● **GOAL OF THE EXERCISE**
Reproduce every entry exactly and leave its pictures out.

● **TASK MATERIAL**
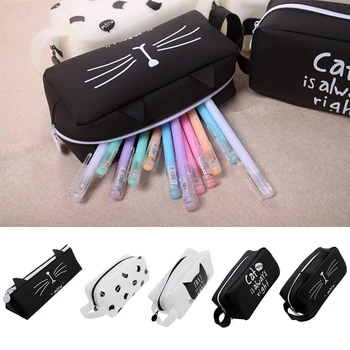 

Cute Cat Cosmetic Bag Women Travel Wash Pouch Female Bath Cosmetics MakeUp Bag Student Pencil Case Tote Style Toiletry Bag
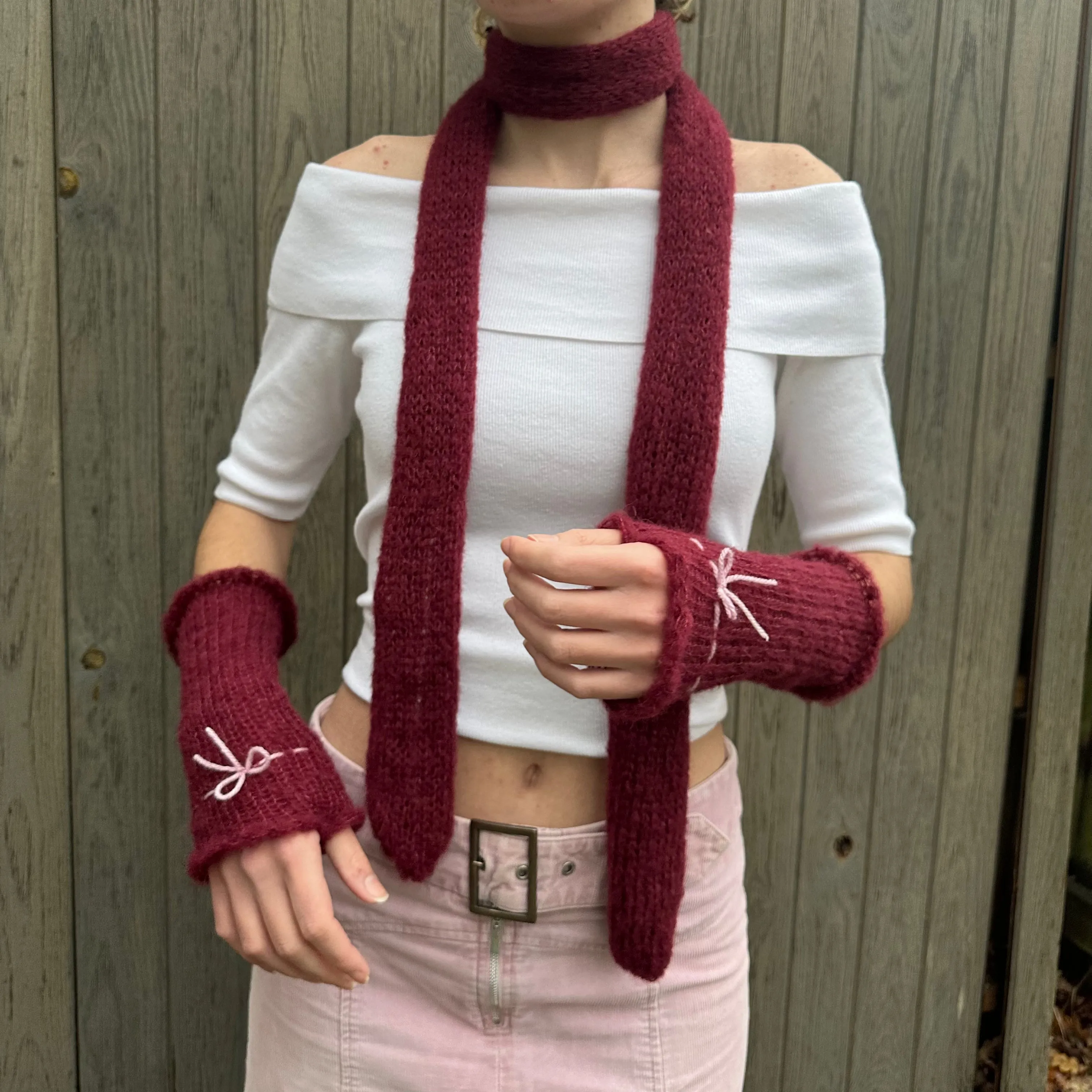 Handmade knitted mohair skinny scarf in burgundy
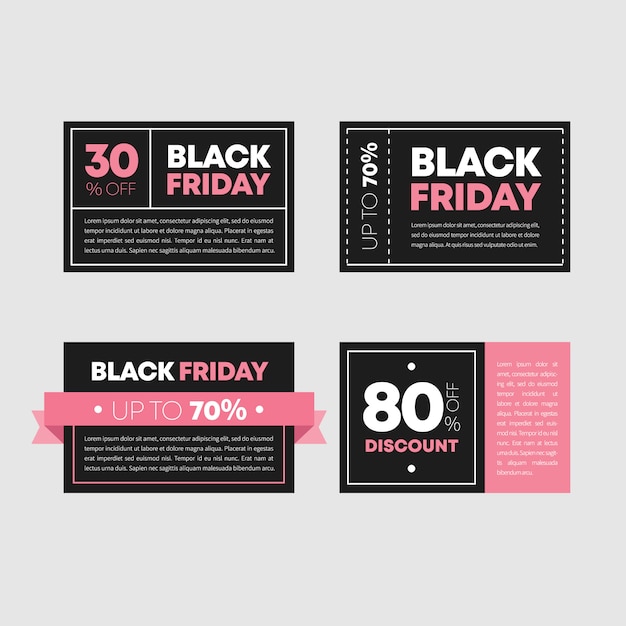 Collection of black friday labels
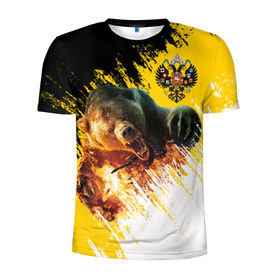 Мужская футболка 3D спортивная с принтом Имперский флаг и медведь , 100% полиэстер с улучшенными характеристиками | приталенный силуэт, круглая горловина, широкие плечи, сужается к линии бедра | Тематика изображения на принте: russian bear | герб | россия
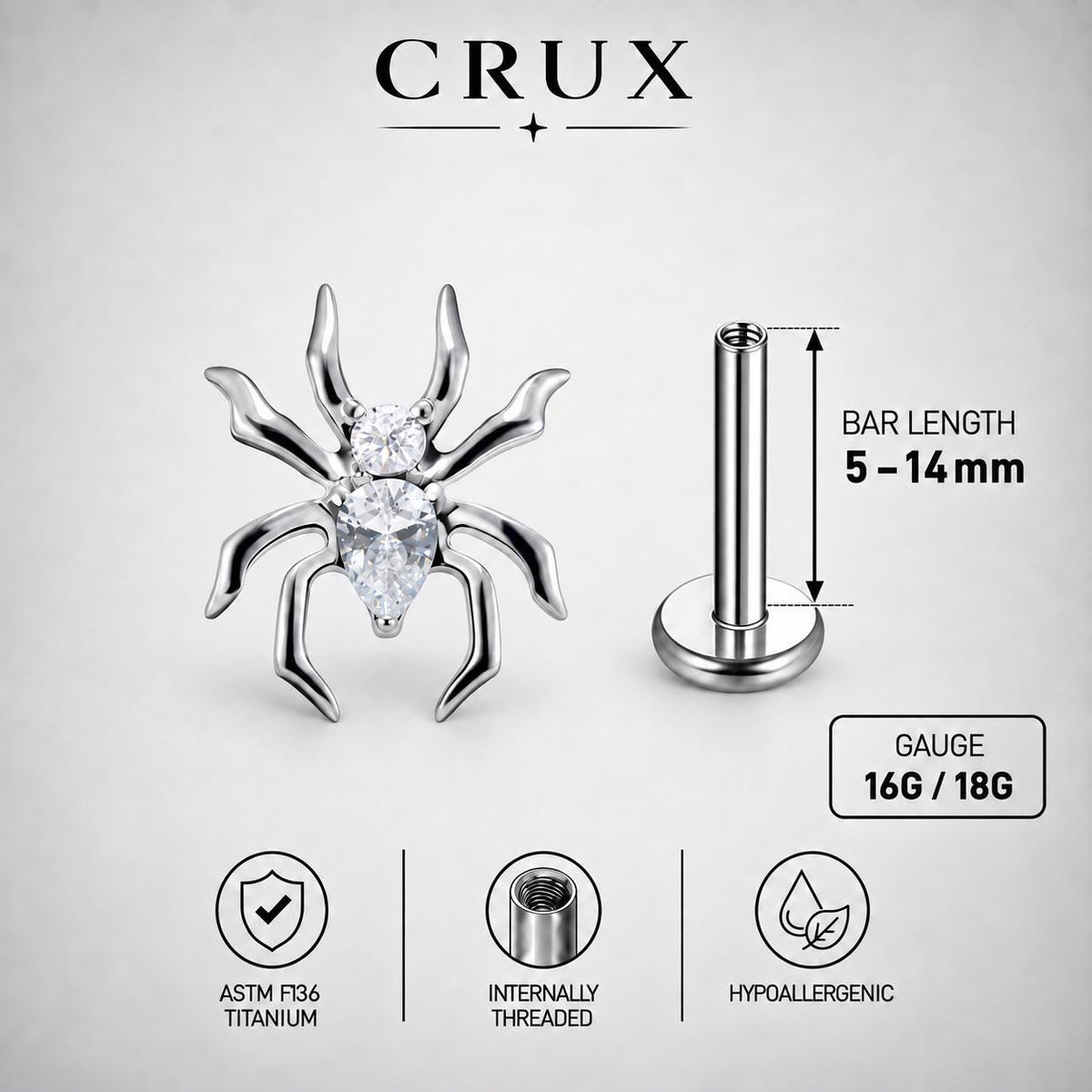 CZ Spider Titanium Flatback Stud detail 9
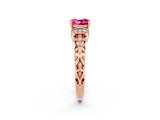 Rose gold Cushion Cut Pink Sapphire Solitaire Ring with Filigree Band and Four-Prong Setting_50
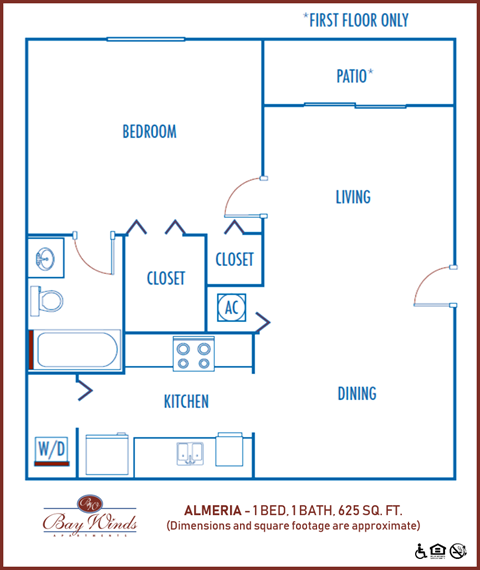 One bedroom floor plan  at Bay Winds, Florida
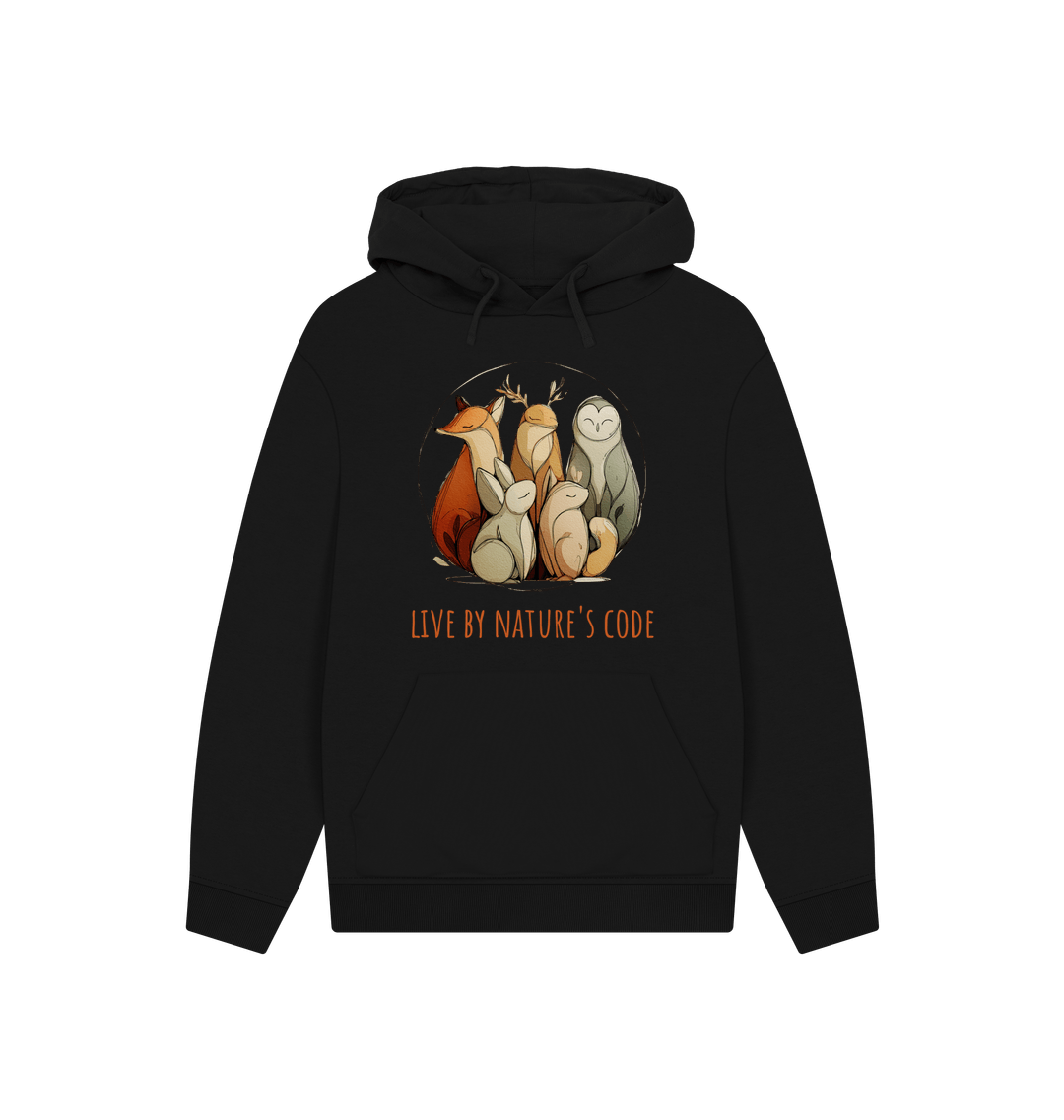 Black Printed Hoody Front
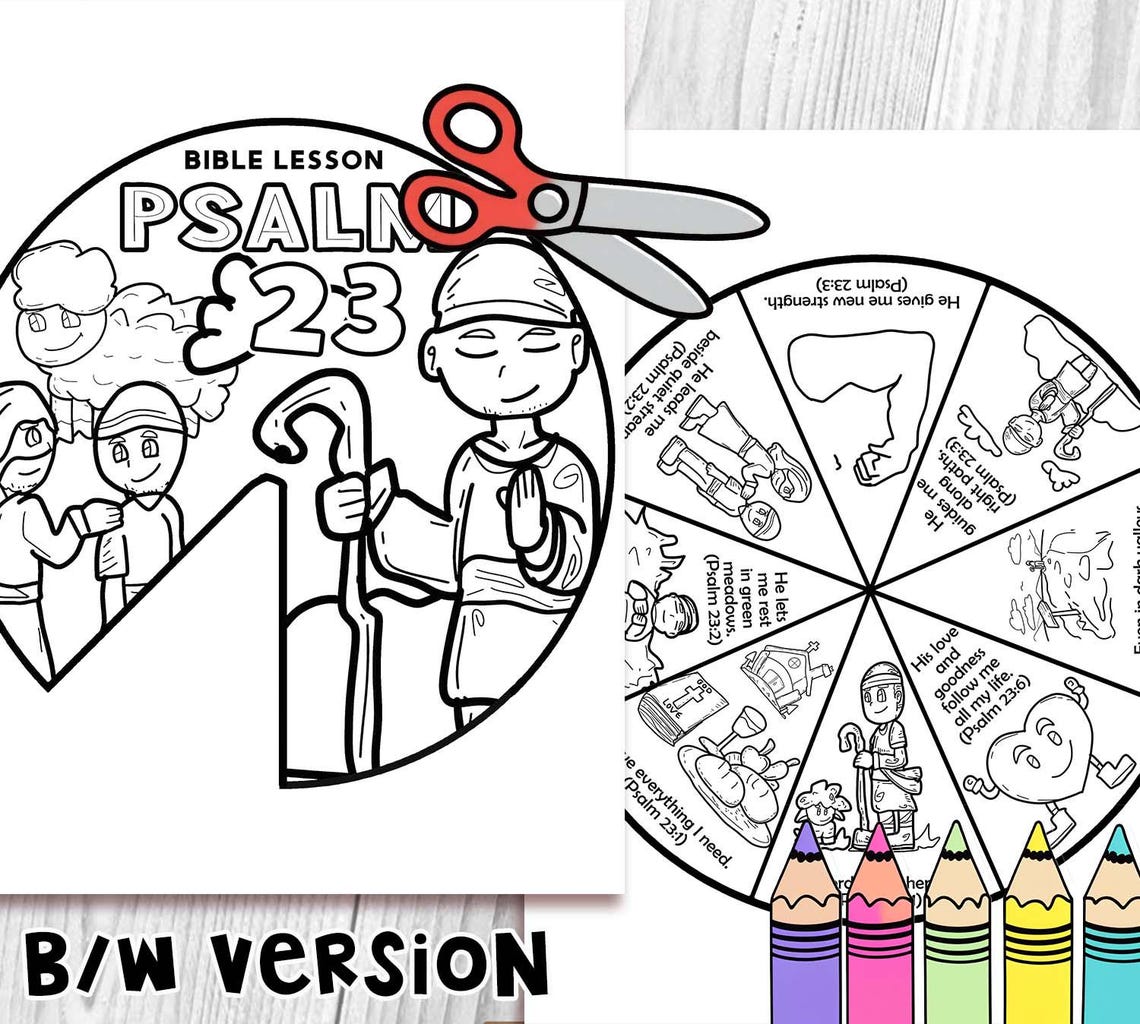 PSALM 23 Spinner Coloring Wheel Craft: the Lord is My Shepherd, Bible ...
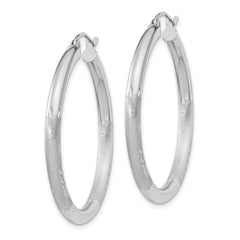 10K White Gold Satin & Diamond-Cut Hoop Earrings 3mm Elegant Design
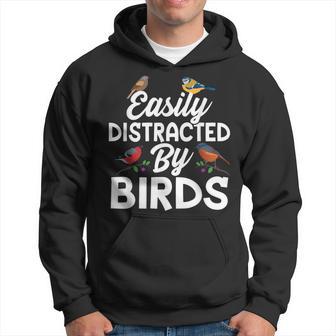 Bird Lovers Birdwatching Easy Distracted By Birds Birder Hoodie - Thegiftio UK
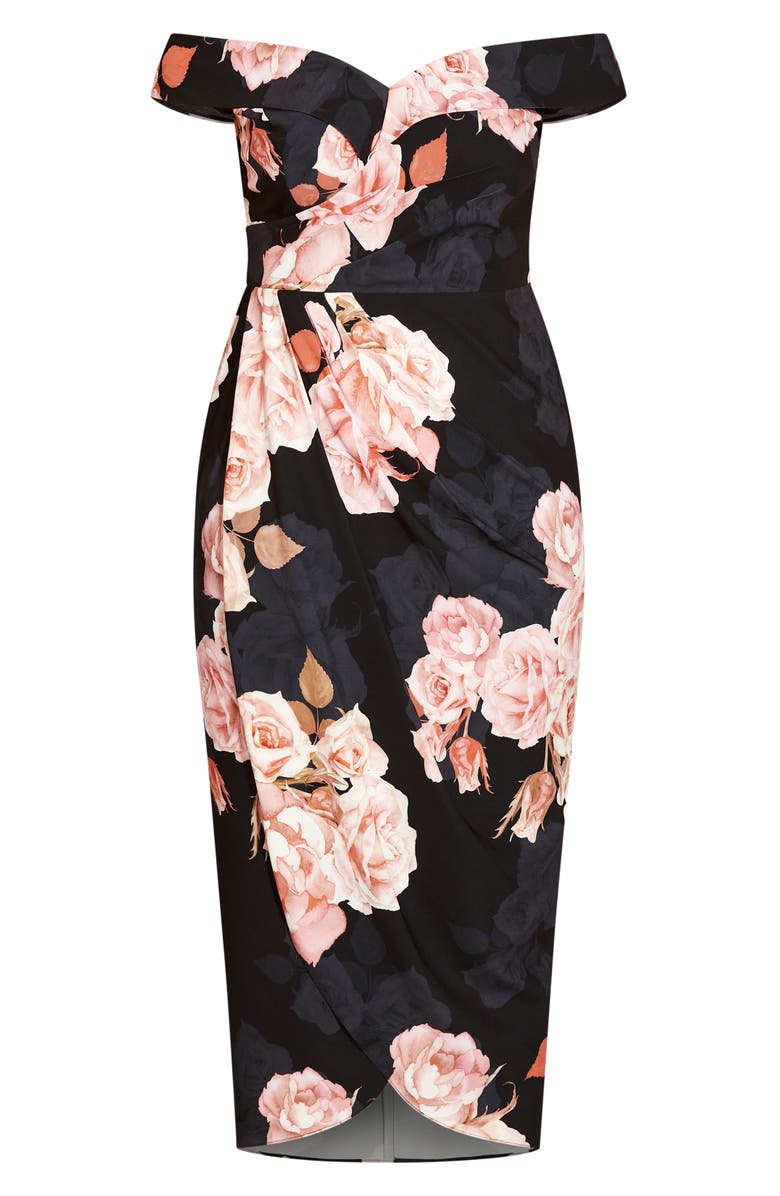 City Chic Amour Floral Print Off the Shoulder Dress, Alternate, color, 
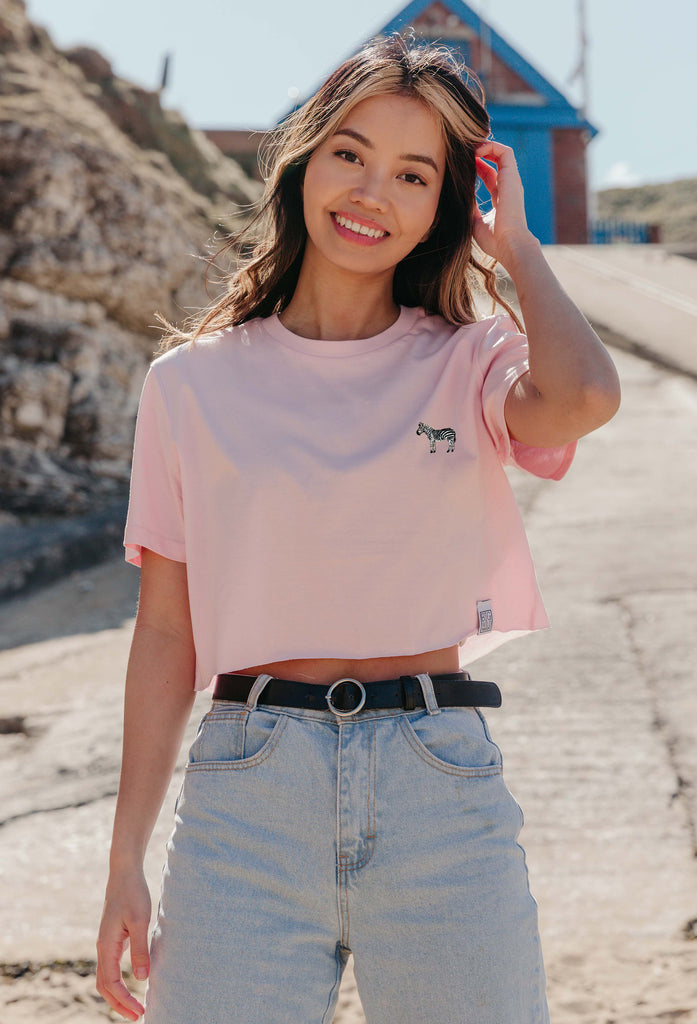 zebra womens cropped t-shirt Big Wild Thought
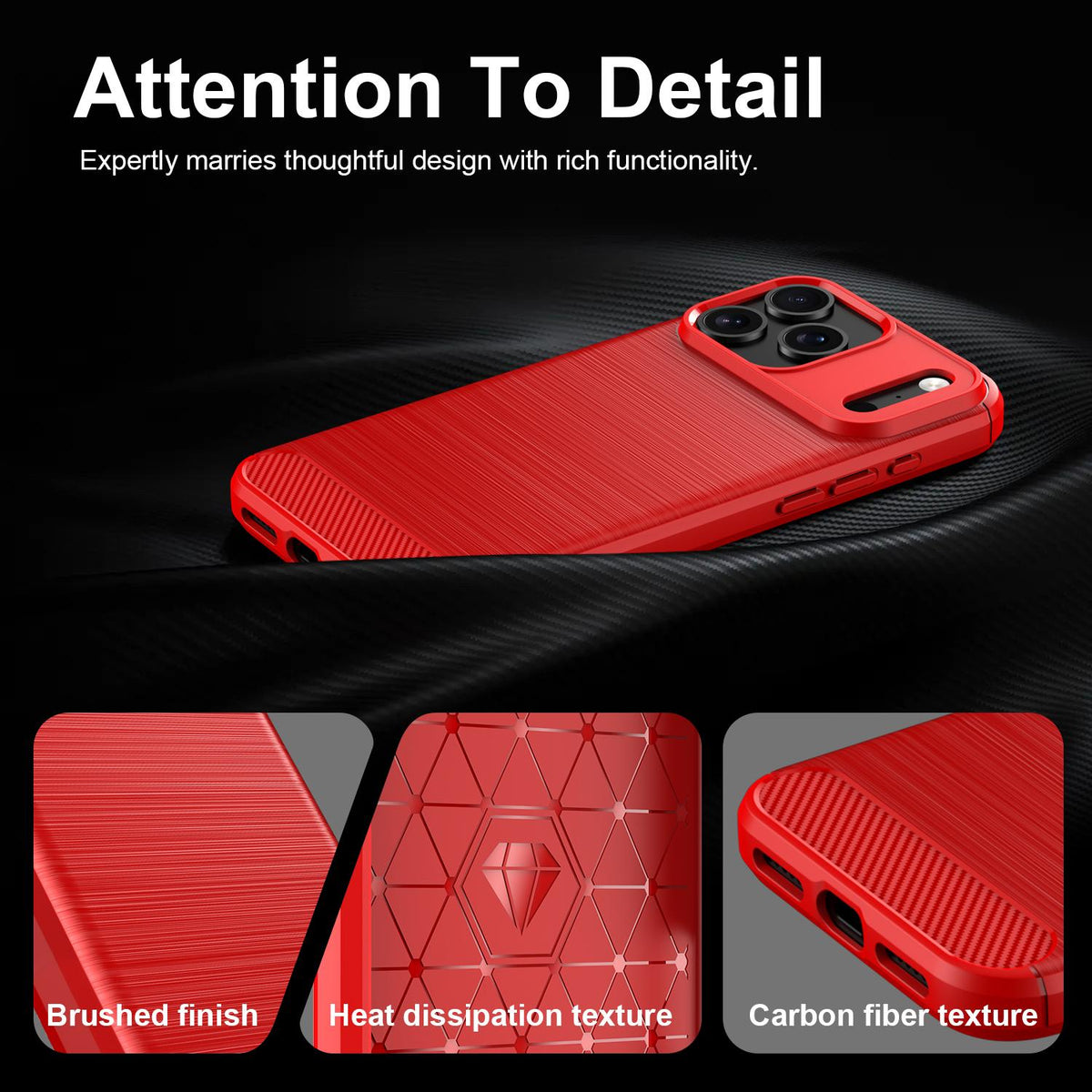Compatible with iPhone 18 Pro Max Brushed Texture Carbon Fiber TPU Phone Case - Red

● **TASK SOLUTION**
Cute Cat Cosmetic Bag Women Travel Wash Pouch Female Bath Cosmetics MakeUp Bag Student Pencil Case Tote Style Toiletry Bag
 Handmade knitted mohair skinny scarf in burgundy
 Collection of black friday labels
 Мужская футболка 3D спортивная с принтом Имперский флаг и медведь , 100% полиэстер с улучшенными характеристиками | приталенный силуэт, круглая горловина, широкие плечи, сужается к линии бедра | Тематика изображения на принте: russian bear | герб | россия
 CZ Spider Titanium Flatback Stud detail 9
 Rose gold Cushion Cut Pink Sapphire Solitaire Ring with Filigree Band and Four-Prong Setting_50
 One bedroom floor plan  at Bay Winds, Florida
 Black Printed Hoody Front
 PSALM 23 Spinner Coloring Wheel Craft: the Lord is My Shepherd, Bible ...
 10K White Gold Satin & Diamond-Cut Hoop Earrings 3mm Elegant Design
 Bird Lovers Birdwatching Easy Distracted By Birds Birder Hoodie - Thegiftio UK
 City Chic Amour Floral Print Off the Shoulder Dress, Alternate, color, 
 zebra womens cropped t-shirt Big Wild Thought
Compatible with iPhone 18 Pro Max Brushed Texture Carbon Fiber TPU Phone Case - Red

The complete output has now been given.